第6話 門番とポーションと、現実の街 その2
街の中に入ると、一気に賑やかな音が耳に飛び込んできた。
「りんご〜、新鮮なりんご〜!」
「鍛冶屋だよ! 剣も斧も磨くよ!」
露店が並び、商人たちが声を張り上げている。人々が行き交い、子どもたちが笑いながら走り回っている。
そして——俺は目を疑った。
「獣人……?」
犬の耳と尻尾を持つ男性が、荷物を運んでいる。その隣には、猫のような耳を持つ女性が野菜を売っていた。
「マジで、ファンタジー世界だ……」
感動と驚きで、俺は立ち尽くした。
「おい、邪魔だぞ」
「あ、すみません!」
後ろから声をかけられ、俺は慌てて道の端に寄った。
「とにかく、商業ギルドだ……」
俺は門番に教えられた通り、街の中央に向かって歩き始めた。石畳の道、木造と石造りの建物、旗が揺れる広場——全てが新鮮で、心が躍る。
やがて、目の前に大きな建物が現れた。
三階建ての立派な石造りで、入口には『商業ギルド』と大きな看板が掲げられている。
「ここか……」
俺は深呼吸をして、扉を開けた。
中は広々としていて、カウンターがいくつも並んでいる。奥にはテーブルと椅子があり、何人かの商人らしき人々が談笑していた。
「いらっしゃいませ」
カウンターの向こうから、柔らかい声が聞こえた。
顔を上げると——そこには、美しい女性が立っていた。
金色の髪を後ろで結び、青い瞳が優しく俺を見つめている。白いブラウスに紺色のベスト、清潔感のある制服姿だ。
「ようこそ、商業ギルドへ。ご用件をお伺いします」
「あ、えっと……新規登録、したいんですが」
「新規登録ですね。承知しました。こちらへどうぞ」
受付嬢は笑顔で、俺を奥のカウンターへと案内した。
「では、まずお名前からお聞かせいただけますか?」
「田中陽斗です」
「タナカ……ヒナト様ですね。

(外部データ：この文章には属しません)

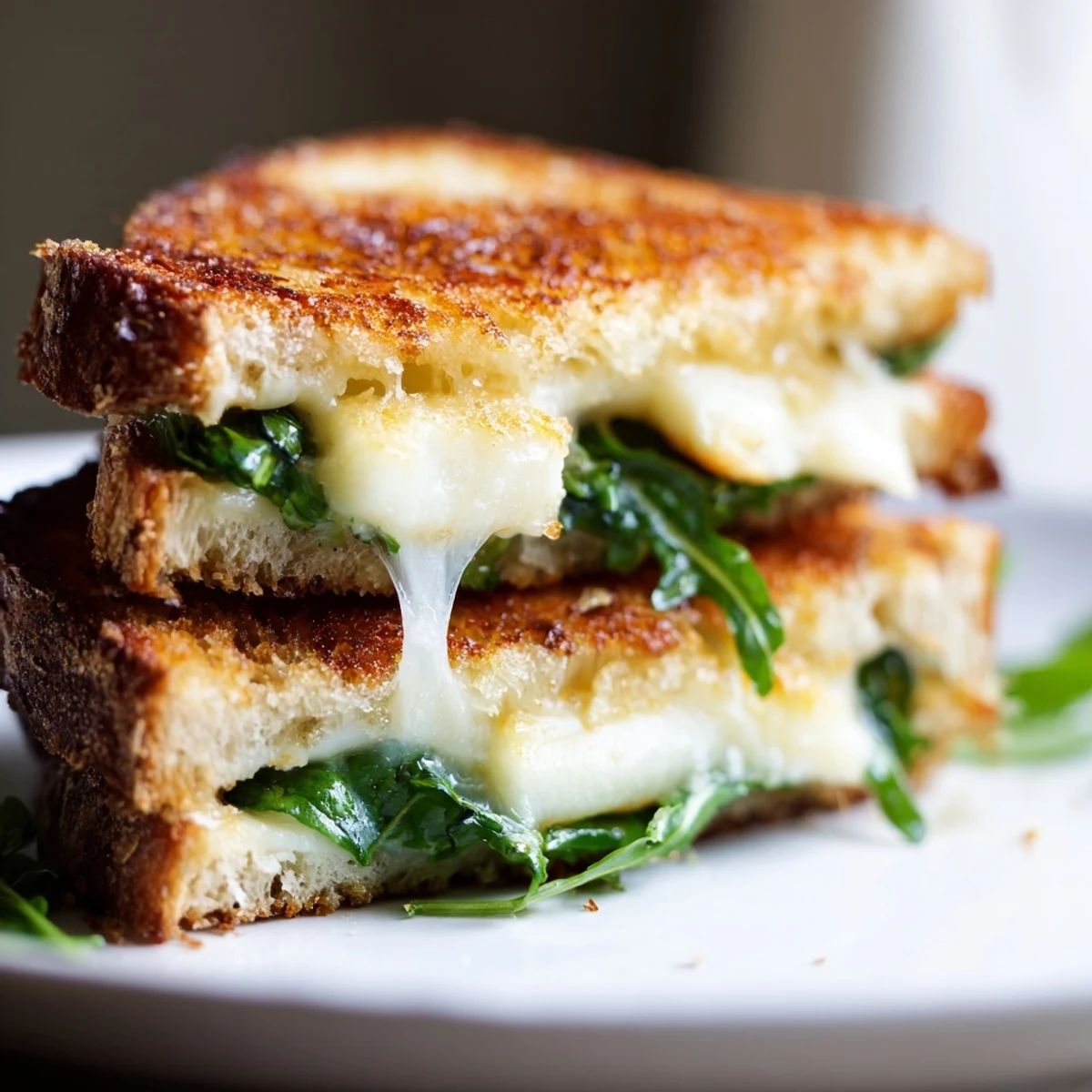 Melted halloumi grilled cheese sandwich, oozing slightly, hinting at a warm, cheesy bite.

珍しいお名前ですね」
「あ、はい……」
受付嬢はペンを取り、書類に何かを記入し始めた。
「それから、ご職業は?」
「ポーション職人……です」
瞬間、受付嬢の手が止まった。
「……ポーション、職人?」
「はい」
彼女は驚いたように、俺の顔を見つめた。
「本当に……ですか?」
「本当です」
俺はベルトからポーションを取り出し、カウンターに置いた。
受付嬢は瓶を手に取り、じっくりと観察した。そして顔を輝かせた。
「これは……素晴らしい品質です。ヒナト様、もしよろしければ、詳しくお話を伺ってもよろしいでしょうか」
「はい、もちろん」
俺の異世界生活が、ここから本格的に始まろうとしていた。